Analysis of ductile fracture by extended unified strength theory

Ductile fracture initiation models for predicting cracks or cavities nucleation in crack-free metals are vital to meet the rising requirements of lightweight and safety for engineering applications. In order to improve accuracy of the ductile fracture initiation models such as the Extended Mohr-Coulomb (EMC) type model and calibrate them easily, the Extended Unified Strength Theory (EUST) is proposed which can investigate the effects of hydrostatic pressure, the Lode angle, the intermediate principal stress, the independent principal shear stresses, and the corresponding normal stresses acting on the same planes on ductile fracture. By using the plasticity model, the EUST is transformed from stress space to the space of equivalent strain to fracture ε¯f, the stress triaxiality η, and the normalized Lode angle parameter θ¯. The parameters of the EUST fracture locus related to uniaxial tensile strength, uniaxial compressive strength, and shear strength possess intuitive physical meanings.

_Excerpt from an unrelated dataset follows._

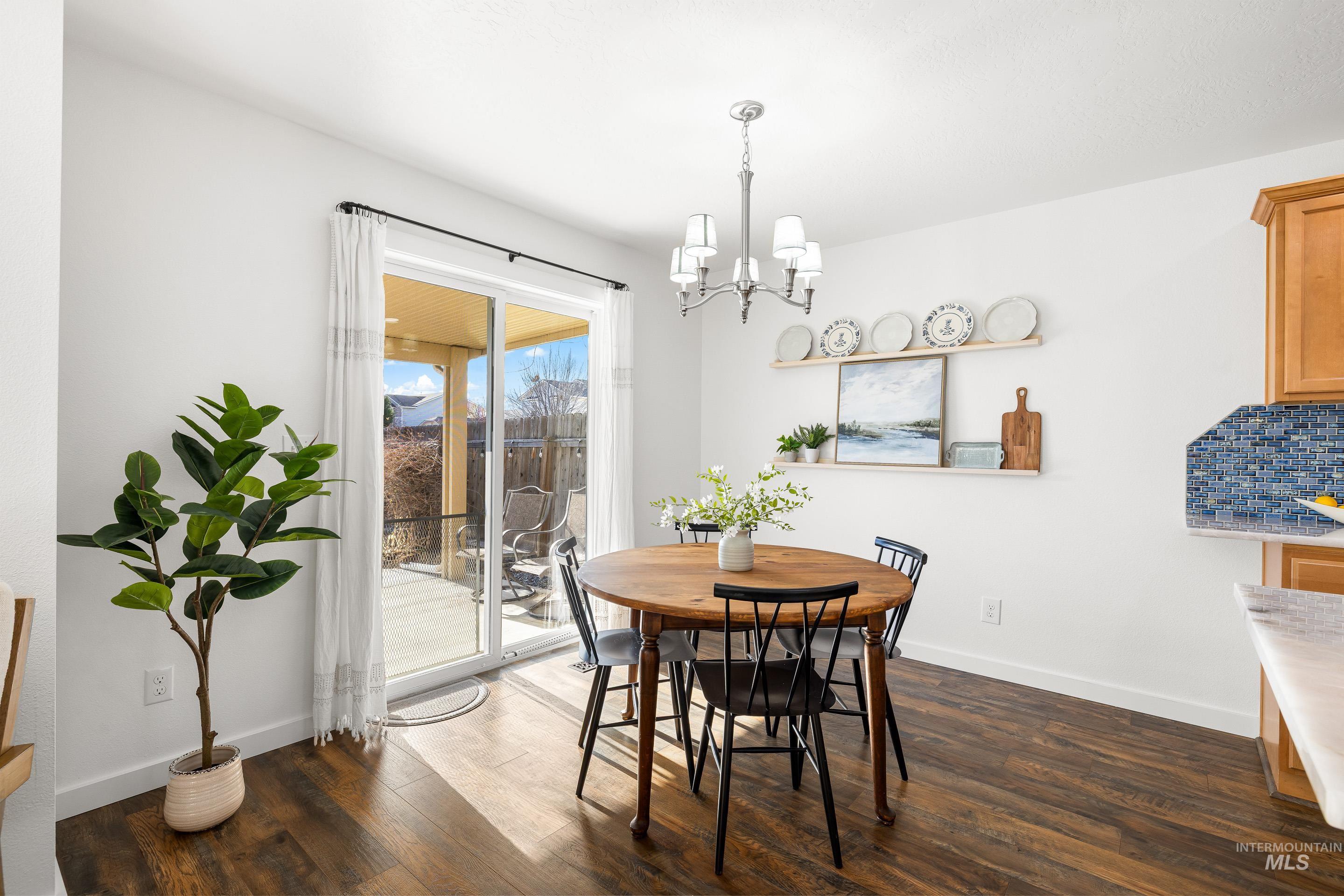 Dining space featuring dark wood-type flooring and a chandelier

Many other fracture loci including the EMC fracture locus are special cases of the EUST and the relations of the parameters between the present model and the existed models are established. The test data on 2024-T351 aluminum alloy and TRIP 780 steel sheets are used to calibrate and verify the EUST model and several typical extended models are selected for comparison purpose, and then a detailed parametric study is performed to understand how and why the transformed fracture locus evolves with the parameters. This study paves the way to predict the fracture locus with the minimum number of simple tests for ductile fracture in engineering applications. Furthermore, the linear UST fracture locus can be extended for more complex conditions.